いわば曲そのものを聴く時、多くのリスナーは、明るいとか、暗いとか、それとも扇動的であるとか、正反対に瞑想的であるとか、一つの局面を捉えることが多いように思われるが、ギボンズのボーカルはそういった一面性を遠ざけて、人間の感情の持つ複雑で多彩な側面を声という表現において訪ね求める。しずかな印象で始まった曲は、その後、オーケストラヒットやストリングスの音響的な効果を用い、ダイナミックなサウンドに近づくが、これらの曲の流れを重視した音楽性に関しては、今後開かれるロイヤル・アルバートホールでの公演を見据え、ライブでどのような効果が求められるのかを重視した作風である。音源での音楽性とライブでの音楽性は、再現性に価値があるわけではなく、それぞれ異なる音楽の異なる側面を示すことが要請されるが、その点において、ギボンズの曲は音源に最大の魅力が宿るというよりも、むしろ、ライブステージの演出の助力を得ることにより、真価が発揮されるといえるかもしれない。



アルバムのプレスリリースでは、アーティストによる絶望や諦観の思いが赤裸々に語られていた。「#2 Burden Of Life」はいわば、理想主義に生きるアーティストやミュージシャンがどこかの時代の節目において何らかの絶望性を捉えることを反映している。それはオーケストラヒットとストリングスを併用したオーケストラポップという形で昇華されている。ギボンズの楽曲性は、内面に溢れる軋轢を反映するかのように、不協和音を描き、それに対して、嘆きや祈りのような意味を持つ奥深いボーカルのニュアンスへと変化することもある。そして、それらは、背後のストリングスとパーカッションの効果を受け、リアリティに充ちた音楽性へと続いている。これらの現実的な感覚は、弦楽器のクレッシェンドや巧みなレガート、ボーカルを器楽的に見立てたギボンズの声によって、柔らかくも強固な印象を持つサウンドが形作られていく。
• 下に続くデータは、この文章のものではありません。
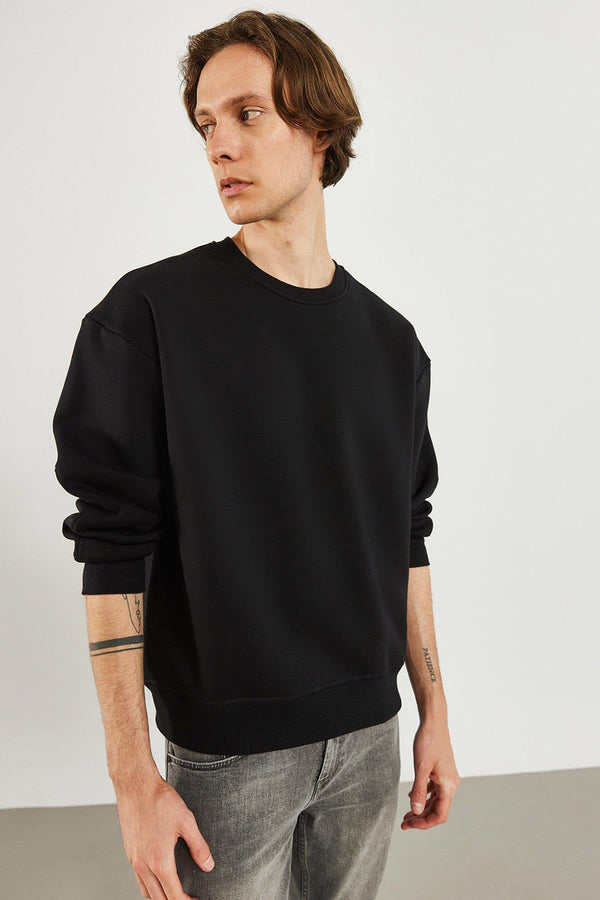 Erkek Clark Siyah Sıfır Yaka Oversize Sweatshirt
「#3  Lost Change」もオーケストラのパーカッションをアンビエンスとしてトラックの背景に配置し、それらの音響効果の中でマイナー調の憂いに充ちたバラードへと昇華させている。多少、ギボンズの歌声には重苦しさもあるが、ボーカルの中には、何かしら不思議な癒やしの感覚がにじみ出て来る場合もある。


映画「オペラ座の怪人」のテーマ曲を思わせるアコースティックギター、ダブの録音を意識した前衛的な音響効果の中で、ベテラン・ボーカリストはまるで道しるべのない世界を歩くような寂しさを表現している。哀感もあるが、同時に憐憫もある。どのような存在に向けられるのか分からないが、それらの感情は、90年代のアーティストの楽曲のようにどこに向かうとも知れず、一連の音楽世界の中に構築された奇妙な空間を揺らめきつづける。答えのない世界……、さながらその果てなき荒野の中をボーカリストとして何かに向かい訪ね歩くような不思議さ。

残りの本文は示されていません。